Japan Real Time Charts and Data

Edward Hugh is only able to update this blog from time to time, but he does run a lively Twitter account with plenty of Japan related comment. He also maintains a collection of constantly updated Japan data charts with short updates on a Storify dedicated page Is Japan Once More Back in Deflation?

Monday, January 16, 2006

Japan: The Third Way?

As its population ages, Japan should carve out a middle way between the social security systems of Scandinavia and that of the US, this at least is the opinion of finance minister Sadakazu Tanigaki, one of several contenders to replace Junichiro Koizumi as prime minister.

At the moment, benefits and tax payments were out of kilter ..“Japanese people are enjoying excessive benefits with a low [tax] burden, and passing on their debts to their children and grandchildren.” If Japan wanted to maintain mid-level benefits, its people would have to shoulder a mid-level burden, he said, referring to the fact that the population began to decline last year. “We need to engage in a nationwide debate on reform of the tax system as a whole, including consumption tax.”

In fact none of this will constitute a 'free lunch', and Japan now faces some hard. even stark, choices. One little commented point is that as interest rates were raised if deflation were to end (which I don't actually think it is about to) the Japanese governement would begin to incur ever larger service charges on that enormous debt it has. Which is one more reason the politicians are in no hurry to see the BoJ end the 'easing policy'.

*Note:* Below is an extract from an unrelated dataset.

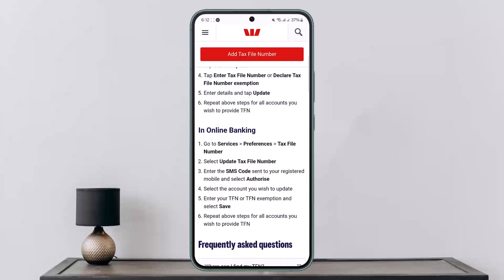So this way you can add your tax file number in Westpac Bank via the app or internet banking. Hope this helped you. Do like and subscribe, and do not forget to leave a comment down below if you have any further issues.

Tuesday, December 20, 2005

This Seems To Be Important

The Japanese finance ministry seems set to unveil plans to cut new government bond issuance by more than 10 per cent - to below Y30,000bn ($258bn) - in the year to April 2007. The Financial Times has the story. They had better hope they are reading the situation aright, since if they aren't they are heading straight back into recession. This is what all the battle with the BOJ is about. 2007 is rapidly getting pencilled into my diary as an economic annus horribilis.

Mr Koizumi considers that the economic recovery, about to enter its fifth year, is robust enough to withstand a mild fiscal contraction, although he on Monday came out against a consumption tax increase for at least two years.

Sadakazu Tanigaki, the finance minister, said: “I think we can break down the barrier of Y30,000bn.”

Japan has been running a budget deficit of about 6 per cent of gross domestic product, including interest payments on public debt of about 150 per cent of GDP. Mr Tanigaki is keen to accelerate the process of regaining primary fiscal balance, before interest payments, by the first years of the next decade.

The finance ministry will make cuts by, among other things, trimming payments made to doctors and further bearing down on public works spending, which has fallen by a quarter since Mr Koizumi took office in 2001.

Right Royal Row Over the BOJ

Things down at the Bank of Japan are hardly calm these days. On one version of events (see yesterdays Tankan) Japan is about - finally - to emerge from deflation, and the BoJ naturally enough wants to 'normalise' monetary policy. The politicians however are non-too clear about this:

"Japan’s ruling Liberal Democratic party will on Thursday urge the Bank of Japan to tie its monetary policy to nominal gross domestic product in an effort to lock in the central bank’s ultra-loose monetary stance for as long as possible."

"The proposal, which marks an escalation in tension between Japan’s politicians and the independent central bank, aims to stimulate above-trend economic growth for up to five years."

Friday, December 09, 2005

Japanese Third Quarter Growth

Well here it is, all coming home to daddy. The Japanese data I mean. Third quarter annual growth in Japan has just been revised down from 1.7 to 1%. This is coming home to daddy, since I continue to believe that - for demographic reasons - we will not see a self-sustaining Japanese recovery. Japan will continue to be dependent for growth on China, the US and Europe. Hence weaker than expected data should hardly be surprising.



Gross domestic product was up only 0.2 per cent on the quarter in real terms, with an annualised rate of 1 per cent. The new figures show that growth has been slower than expected, and significantly lags behind the pace in the first half of the year. The government had previously estimated quarterly growth of 0.4 per cent in the three months to September and 1.7 per cent growth on an annualised basis.